Abstract

INTRODUCTION: Comorbidities associated with Crohn's disease (CD) add to the symptoms of disease and may contribute to substantial disease burden. There is a lack of information on the development of comorbidities in CD patients in the real world. This study aims to compare comorbidities, including opioid use, in CD patients relative to patients without inflammatory bowel disease (IBD), using a large database and long-term follow-up. METHODS: This was a retrospective matched cohort study. Working age adults with CD (≥2 independent claims with a CD diagnosis ≥30 days apart and within 1 year; first CD diagnosis was the index date) and controls without diagnosis for IBD (random index date) were identified in a US healthcare claims database (OptumHealth Care Solutions, Inc.) of privately-insured patients (01/1999-03/2017). CD patients were matched 1:5 with non-IBD controls using baseline characteristics, including the Quan-Charlson comorbidity index and cardiovascular disease. Comorbidities during the 12-month baseline period before the index date were reported.
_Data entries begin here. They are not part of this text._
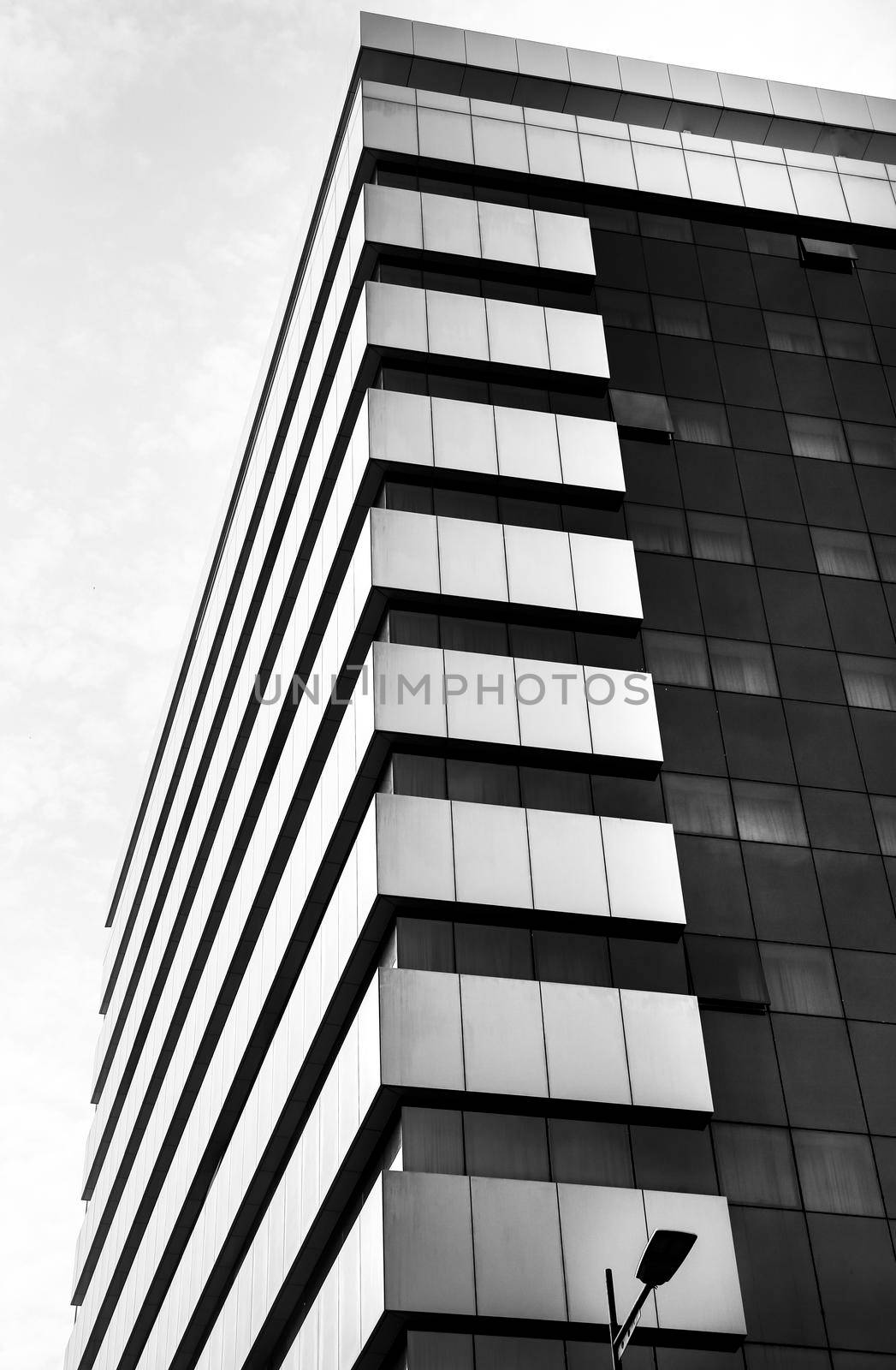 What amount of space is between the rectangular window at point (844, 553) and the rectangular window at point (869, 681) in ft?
7.89

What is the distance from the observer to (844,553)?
36.2 m

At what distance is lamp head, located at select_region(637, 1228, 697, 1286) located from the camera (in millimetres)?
15938

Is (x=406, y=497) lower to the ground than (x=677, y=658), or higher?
higher

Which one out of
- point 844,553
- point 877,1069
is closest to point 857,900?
point 877,1069

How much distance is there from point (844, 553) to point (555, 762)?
31.5 feet

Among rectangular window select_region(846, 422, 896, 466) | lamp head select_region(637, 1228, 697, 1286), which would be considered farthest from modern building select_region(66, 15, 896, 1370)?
lamp head select_region(637, 1228, 697, 1286)

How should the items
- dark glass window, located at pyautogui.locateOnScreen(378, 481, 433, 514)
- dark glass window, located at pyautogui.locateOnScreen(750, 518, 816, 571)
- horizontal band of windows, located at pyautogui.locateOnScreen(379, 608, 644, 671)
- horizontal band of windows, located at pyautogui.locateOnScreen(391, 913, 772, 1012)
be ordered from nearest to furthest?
horizontal band of windows, located at pyautogui.locateOnScreen(391, 913, 772, 1012) < horizontal band of windows, located at pyautogui.locateOnScreen(379, 608, 644, 671) < dark glass window, located at pyautogui.locateOnScreen(378, 481, 433, 514) < dark glass window, located at pyautogui.locateOnScreen(750, 518, 816, 571)

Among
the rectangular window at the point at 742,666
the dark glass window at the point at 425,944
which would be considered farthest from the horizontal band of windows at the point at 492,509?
the dark glass window at the point at 425,944

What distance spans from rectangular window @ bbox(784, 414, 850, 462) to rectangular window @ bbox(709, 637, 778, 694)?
620 centimetres

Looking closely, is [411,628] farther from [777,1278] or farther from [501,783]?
[777,1278]

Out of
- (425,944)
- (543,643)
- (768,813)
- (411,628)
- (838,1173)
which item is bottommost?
(838,1173)

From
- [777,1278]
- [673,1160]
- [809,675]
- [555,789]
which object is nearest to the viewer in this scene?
[777,1278]

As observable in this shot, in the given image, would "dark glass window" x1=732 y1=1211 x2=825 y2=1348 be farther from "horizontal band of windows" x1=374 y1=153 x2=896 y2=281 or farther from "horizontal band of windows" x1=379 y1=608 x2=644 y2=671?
"horizontal band of windows" x1=374 y1=153 x2=896 y2=281

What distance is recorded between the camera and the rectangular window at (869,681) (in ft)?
111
During the follow-up, lasting at least 12 months, the incidence of new comorbidity, including opioid use as a proxy for pain, was compared to the non-IBD controls by Kaplan-Meier (KM) rate with log-rank test. RESULTS: The study sample was composed of 6,715 CD patients and 33,575 non-IBD matched patients (average age of 45 years old, and 54% female). Pain, anemia, and fatigue were significantly higher in the CD cohort at baseline (Figure 1). Over the follow-up, new cases of cardiovascular disease were significantly higher in the CD compared to the matched non-IBD cohort with a rate of 11.5 vs 7.8%, respectively, by year 6 (Figure 2). In addition, the rates of new cases of fatigue (5.3 vs 3.2%), anemia (6.0 vs 1.9%), respiratory disease (3.5 vs 1.8%), and anxiety (5.3 vs 2.8%) were also significantly higher in the CD cohort compared to the non-IBD cohort by year 6 (log-rank P-value < 0.001). When new cases of pain diagnosis or opioid use were analyzed, the rate was significantly higher in the CD cohort, reaching 74.0% compared to 59.1% in the non-IBD cohort at year 6 (Figure 3). CONCLUSION: In this study, comorbidities, in particular new cases of pain diagnosis or opioid use, were significantly higher in CD patients relative to non-IBD patients, suggesting that the development of comorbidities may contribute to the long-term disease burden of CD.